WHAT IS NEEDED -> Look in the data below for the line that has "Talbots Cream Cotton", then print exactly every line from there through the line that has "Yeap Underwear Yeap", leaving pictures out.

SUPPLIED MATERIAL ->
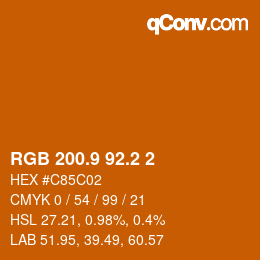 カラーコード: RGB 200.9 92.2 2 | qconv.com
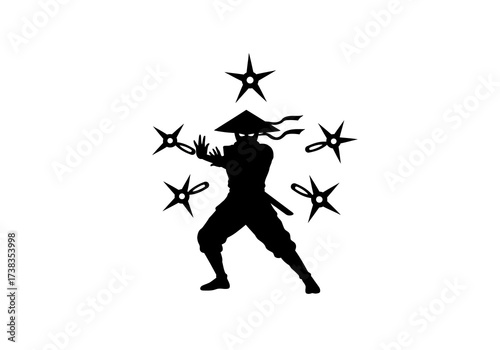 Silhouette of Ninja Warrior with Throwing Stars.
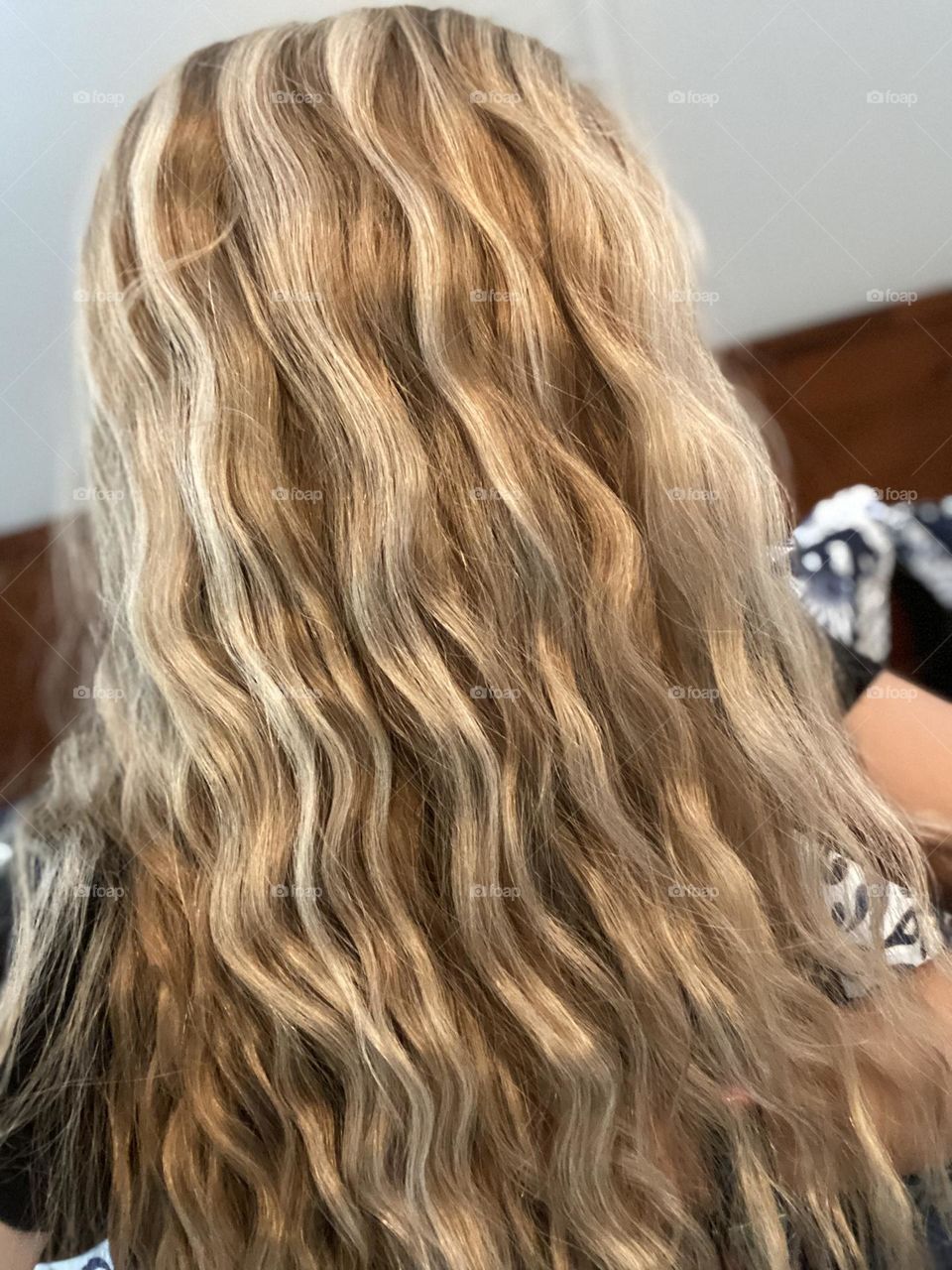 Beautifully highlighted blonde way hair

---

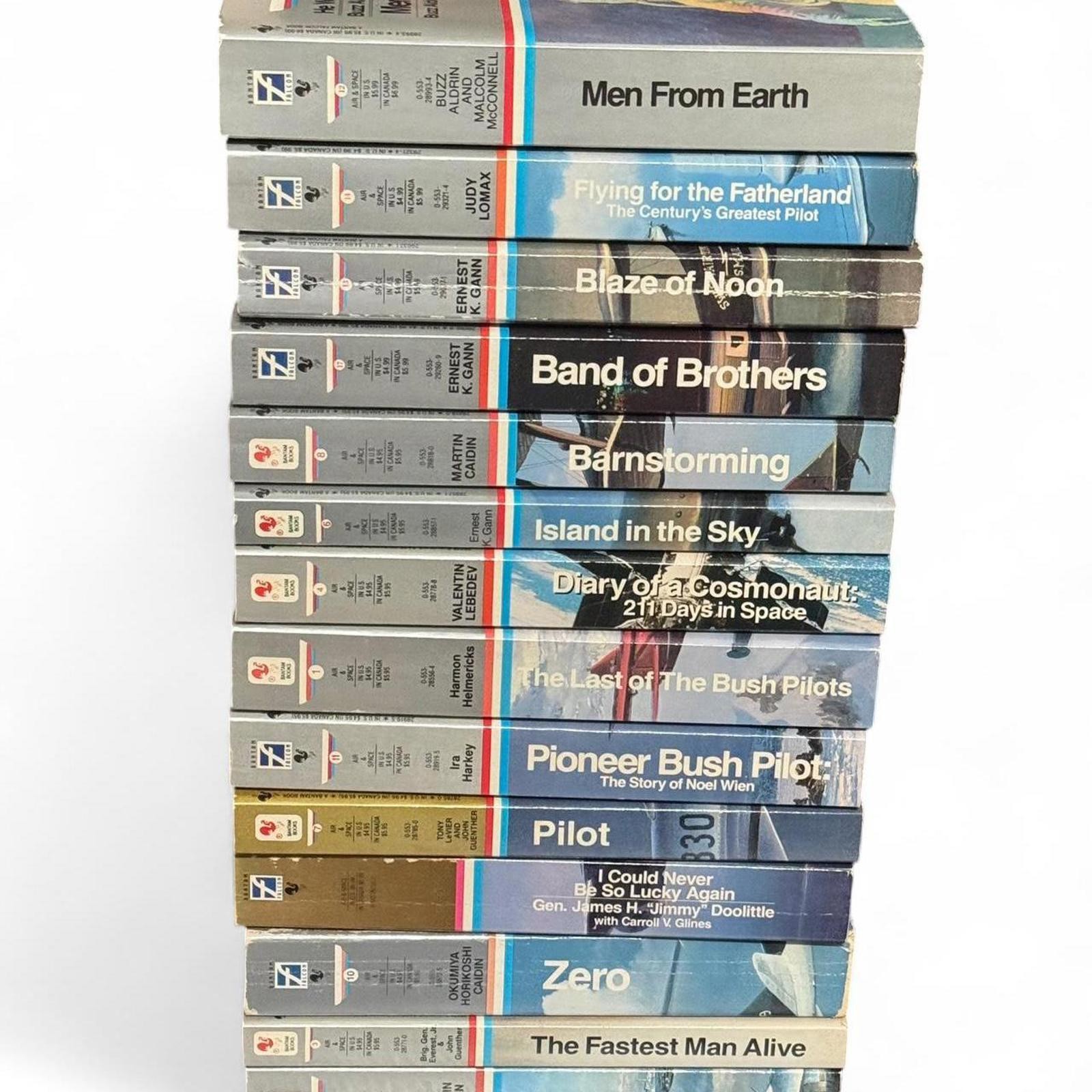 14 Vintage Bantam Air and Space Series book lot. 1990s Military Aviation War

---

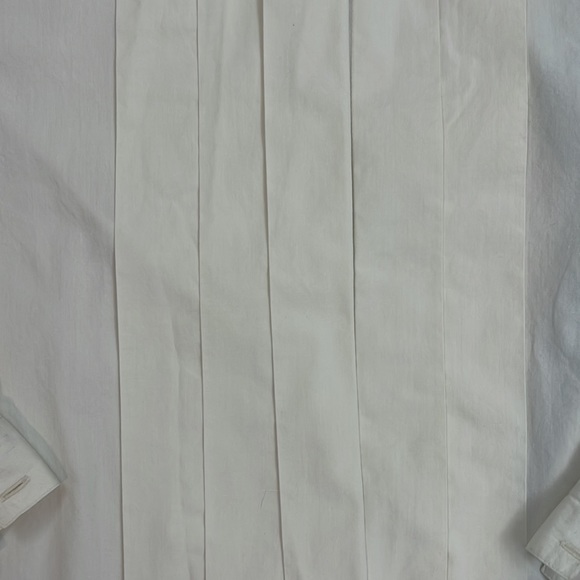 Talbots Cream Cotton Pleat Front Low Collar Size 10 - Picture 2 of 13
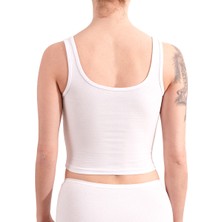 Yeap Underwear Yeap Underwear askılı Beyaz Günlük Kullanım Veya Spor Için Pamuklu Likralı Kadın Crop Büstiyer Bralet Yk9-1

EXERCISE SOLUTION ->
 Talbots Cream Cotton Pleat Front Low Collar Size 10 - Picture 2 of 13
 Yeap Underwear Yeap Underwear askılı Beyaz Günlük Kullanım Veya Spor Için Pamuklu Likralı Kadın Crop Büstiyer Bralet Yk9-1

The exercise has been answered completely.